Il pane di Altamura proviene dall’altopiano delle Murge ed è un pane secolare ottenuto dal rimacinato di semola di grano duro di alcune precise varietà (appulo, arcangelo, duilio, simeto) coltivati ad Altamura e in alcuni comuni limitrofi (Gravina di Puglia, Poggiorsini), territorio ora delimitato dal disciplinare del consorzio di tutela. Nel luglio 2003, a livello europeo, al pane di Altamura è stato riconosciuto il marchio denominazione di origine protetta.
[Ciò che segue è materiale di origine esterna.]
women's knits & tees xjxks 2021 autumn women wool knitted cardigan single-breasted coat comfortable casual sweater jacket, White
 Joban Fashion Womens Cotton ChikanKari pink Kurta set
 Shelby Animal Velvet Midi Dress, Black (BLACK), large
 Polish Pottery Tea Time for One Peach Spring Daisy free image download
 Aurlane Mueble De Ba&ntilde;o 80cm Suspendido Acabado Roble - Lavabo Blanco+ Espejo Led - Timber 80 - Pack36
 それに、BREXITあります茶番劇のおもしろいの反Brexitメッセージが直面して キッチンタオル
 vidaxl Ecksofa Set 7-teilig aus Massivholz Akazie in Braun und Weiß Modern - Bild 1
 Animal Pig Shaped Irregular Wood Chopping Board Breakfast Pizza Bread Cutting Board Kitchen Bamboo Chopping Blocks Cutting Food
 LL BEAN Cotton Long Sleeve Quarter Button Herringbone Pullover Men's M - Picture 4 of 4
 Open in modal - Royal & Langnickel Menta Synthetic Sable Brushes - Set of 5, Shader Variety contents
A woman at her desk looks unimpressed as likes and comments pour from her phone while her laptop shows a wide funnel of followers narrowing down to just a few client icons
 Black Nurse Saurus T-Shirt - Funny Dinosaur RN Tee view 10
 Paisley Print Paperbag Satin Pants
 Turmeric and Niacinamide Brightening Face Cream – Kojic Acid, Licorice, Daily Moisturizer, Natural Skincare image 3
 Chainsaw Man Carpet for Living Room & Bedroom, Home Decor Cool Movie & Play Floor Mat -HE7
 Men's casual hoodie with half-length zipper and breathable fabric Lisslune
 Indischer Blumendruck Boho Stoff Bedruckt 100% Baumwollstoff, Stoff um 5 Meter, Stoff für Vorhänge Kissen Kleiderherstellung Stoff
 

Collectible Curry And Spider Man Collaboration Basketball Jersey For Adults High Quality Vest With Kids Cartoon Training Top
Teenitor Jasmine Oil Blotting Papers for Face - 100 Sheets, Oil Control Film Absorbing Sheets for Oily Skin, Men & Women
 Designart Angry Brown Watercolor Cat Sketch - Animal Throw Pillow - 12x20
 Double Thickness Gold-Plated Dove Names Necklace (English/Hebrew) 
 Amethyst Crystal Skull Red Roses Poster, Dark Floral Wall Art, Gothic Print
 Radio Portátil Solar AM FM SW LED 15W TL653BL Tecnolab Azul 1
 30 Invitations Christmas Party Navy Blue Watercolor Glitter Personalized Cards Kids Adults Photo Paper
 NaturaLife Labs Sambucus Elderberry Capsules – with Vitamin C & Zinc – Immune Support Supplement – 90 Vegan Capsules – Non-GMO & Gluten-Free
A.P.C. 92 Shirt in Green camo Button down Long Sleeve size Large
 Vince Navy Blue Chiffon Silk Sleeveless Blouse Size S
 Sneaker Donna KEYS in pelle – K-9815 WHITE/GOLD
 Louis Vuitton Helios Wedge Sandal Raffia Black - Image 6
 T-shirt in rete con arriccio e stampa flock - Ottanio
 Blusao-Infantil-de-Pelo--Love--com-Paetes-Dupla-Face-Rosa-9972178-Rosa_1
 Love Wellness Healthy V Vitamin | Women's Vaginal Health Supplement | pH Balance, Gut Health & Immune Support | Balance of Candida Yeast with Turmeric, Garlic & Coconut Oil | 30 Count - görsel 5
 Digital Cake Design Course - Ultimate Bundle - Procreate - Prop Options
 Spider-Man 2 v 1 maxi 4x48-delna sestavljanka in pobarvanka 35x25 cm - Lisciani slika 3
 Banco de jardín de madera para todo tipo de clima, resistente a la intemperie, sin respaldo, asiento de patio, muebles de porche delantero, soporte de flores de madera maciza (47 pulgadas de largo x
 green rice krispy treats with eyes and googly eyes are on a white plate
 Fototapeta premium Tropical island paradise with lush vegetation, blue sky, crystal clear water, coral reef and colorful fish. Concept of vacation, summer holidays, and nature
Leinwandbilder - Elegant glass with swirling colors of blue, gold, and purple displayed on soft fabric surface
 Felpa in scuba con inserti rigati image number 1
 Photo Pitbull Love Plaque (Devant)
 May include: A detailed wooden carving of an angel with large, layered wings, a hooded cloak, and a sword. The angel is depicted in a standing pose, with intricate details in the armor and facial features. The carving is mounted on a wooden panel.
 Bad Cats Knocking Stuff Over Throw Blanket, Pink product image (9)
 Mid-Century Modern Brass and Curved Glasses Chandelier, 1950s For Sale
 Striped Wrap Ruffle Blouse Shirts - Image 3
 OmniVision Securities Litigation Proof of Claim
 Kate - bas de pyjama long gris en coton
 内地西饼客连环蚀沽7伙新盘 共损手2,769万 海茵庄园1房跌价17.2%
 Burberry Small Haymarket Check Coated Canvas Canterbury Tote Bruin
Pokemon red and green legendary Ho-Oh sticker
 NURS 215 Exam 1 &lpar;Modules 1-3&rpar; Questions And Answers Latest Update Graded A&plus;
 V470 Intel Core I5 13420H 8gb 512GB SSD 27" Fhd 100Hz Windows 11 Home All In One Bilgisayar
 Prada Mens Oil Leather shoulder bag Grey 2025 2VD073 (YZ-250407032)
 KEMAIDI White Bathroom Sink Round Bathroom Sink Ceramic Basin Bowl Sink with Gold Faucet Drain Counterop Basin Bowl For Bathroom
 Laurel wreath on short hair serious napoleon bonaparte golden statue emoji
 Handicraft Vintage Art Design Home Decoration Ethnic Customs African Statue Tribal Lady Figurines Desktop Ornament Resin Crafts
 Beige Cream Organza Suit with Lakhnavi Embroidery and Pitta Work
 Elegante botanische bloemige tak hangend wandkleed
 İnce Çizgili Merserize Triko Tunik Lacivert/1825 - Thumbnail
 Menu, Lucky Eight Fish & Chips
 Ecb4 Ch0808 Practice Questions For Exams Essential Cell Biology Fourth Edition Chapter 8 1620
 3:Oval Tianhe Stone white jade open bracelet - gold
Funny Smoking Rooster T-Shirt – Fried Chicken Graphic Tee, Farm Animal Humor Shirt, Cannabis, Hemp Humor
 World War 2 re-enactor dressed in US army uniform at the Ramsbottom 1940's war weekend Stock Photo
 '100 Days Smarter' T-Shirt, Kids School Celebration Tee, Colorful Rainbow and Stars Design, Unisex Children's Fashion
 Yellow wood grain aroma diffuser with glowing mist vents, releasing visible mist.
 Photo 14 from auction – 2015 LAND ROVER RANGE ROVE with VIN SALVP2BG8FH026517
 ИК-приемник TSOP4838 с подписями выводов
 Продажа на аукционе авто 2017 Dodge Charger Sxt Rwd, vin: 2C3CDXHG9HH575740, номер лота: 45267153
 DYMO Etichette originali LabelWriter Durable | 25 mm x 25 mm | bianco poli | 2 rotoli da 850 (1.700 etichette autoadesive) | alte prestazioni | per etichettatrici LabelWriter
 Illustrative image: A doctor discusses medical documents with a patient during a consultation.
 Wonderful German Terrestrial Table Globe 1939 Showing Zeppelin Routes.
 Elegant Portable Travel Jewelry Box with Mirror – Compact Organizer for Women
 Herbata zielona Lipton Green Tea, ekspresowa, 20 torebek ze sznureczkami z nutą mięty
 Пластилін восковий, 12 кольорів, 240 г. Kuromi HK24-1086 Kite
I parametri geologici, idrogeologici e meteorologici concorrono a definire l’unicità dell’ambiente naturale, instauratosi sul territorio. Il pane prodotto è considerato di qualità «unica», perché derivato da ottimi grani duri, ottenuti in un ambiente con specifici fattori geografico-ambientali, da cui è caratterizzato il territorio della Murgia nord-occidentale e dall’impiego di acqua potabile normalmente utilizzata sul territorio.

Ingredienti:

  • 600gr di semola di grano duro rimacinata DOP
  • 0,4 l. di acqua naturale
  • 120 gr. di lievito madre
  • 15 gr. di sale fino

Preparazione del pane di Altamura: Prima di tutto, amalgamare il lievito madre e impastarlo con la farina. Lasciare riposare una mezz’oretta, finché non sia ben gonfio. Sistemare la farina sulla spianatoia, dandole la classica forma della “fontana” e rovesciarvi in mezzo il lievito. Aggiungere gradatamente l’acqua e cominciare a impastare. Aggiungere il sale solo dopo avere bene amalgamato il lievito (in modo che i due ingredienti non vengano a contatto) e continuare a impastare per circa mezz’ora. Lasciare lievitare circa tre ore. Passato questo tempo, impastare velocemente per interrompere la lievitazione e lasciare riposare una decina di minuti (la pasta, diventa cosi piu semplice da stendere). Dare forma alla pagnotta stendendola in modo da darle la forma di un rettangolo e arrotolandola poi su se stessa. Sistemarla sulla leccarda coperta di carta forno spolverizzata di farina e, con un coltello bene affilato, fare tre o quattro tagli obliqui sulla superficie, spolverizzare abbondantemente di farina e lasciare riposare sulla leccarda ricoperta da carta forno ben spolverizzata di farina ancora trenta minuti. Infornare a 220 gr per 30/40 minuti e far raffreddare la pagnotta avvolgendola in un paio di canovacci di cotone.